What the task asks — Every record below should be transcribed exactly. Omit the images.

Task data —

+ + + + +

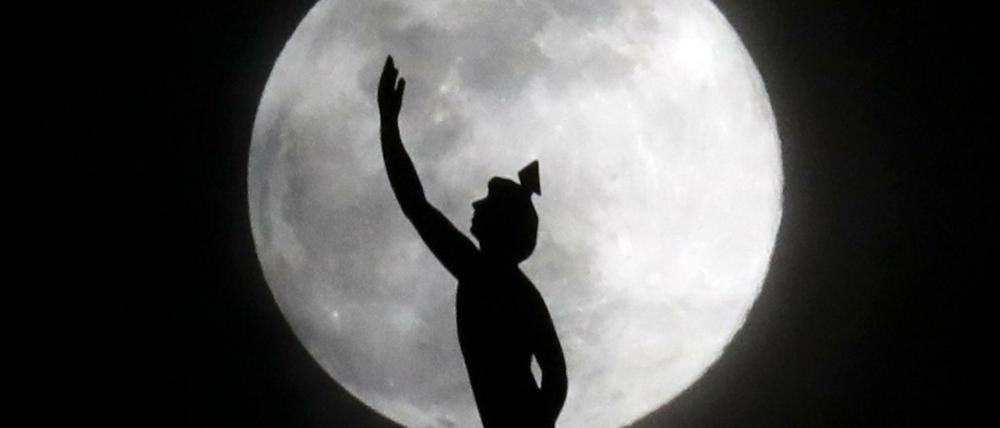 Der Mond ist hinter einer Statue auf der Spitze eines Hotelturms in Nashville in den USA zu sehen.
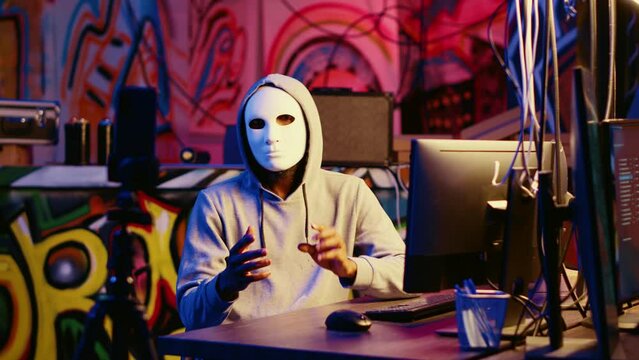 Anonymous masked dissident hacker filming anti government message, fighting against propaganda. Hooded social justice crusader using smartphone to record threatening video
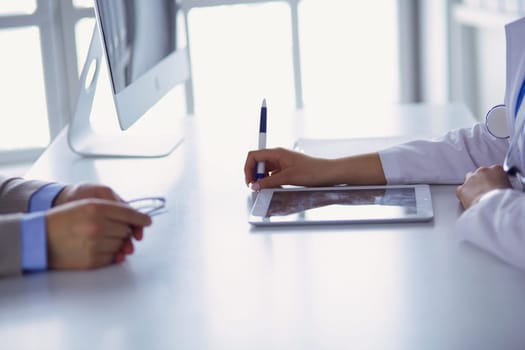 Portrait of middle aged female doctor using digital tablet while sitting at exam room and working.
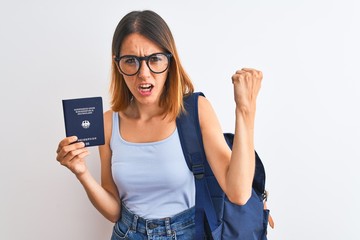Beautiful redhead student woman wearing backpack and holding passport of germany annoyed and frustrated shouting with anger, crazy and yelling with raised hand, anger concept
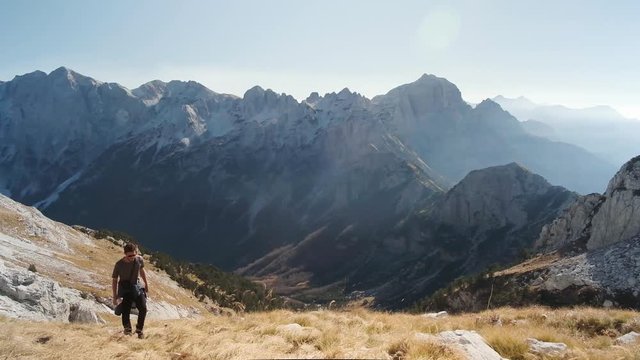 Human hiking in the Alps of Albania. Beautiful summer's day in the mountains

+ + + + +

Solution to the problem —
 Der Mond ist hinter einer Statue auf der Spitze eines Hotelturms in Nashville in den USA zu sehen.
 Anonymous masked dissident hacker filming anti government message, fighting against propaganda. Hooded social justice crusader using smartphone to record threatening video
 Portrait of middle aged female doctor using digital tablet while sitting at exam room and working.
Beautiful redhead student woman wearing backpack and holding passport of germany annoyed and frustrated shouting with anger, crazy and yelling with raised hand, anger concept
 Human hiking in the Alps of Albania. Beautiful summer's day in the mountains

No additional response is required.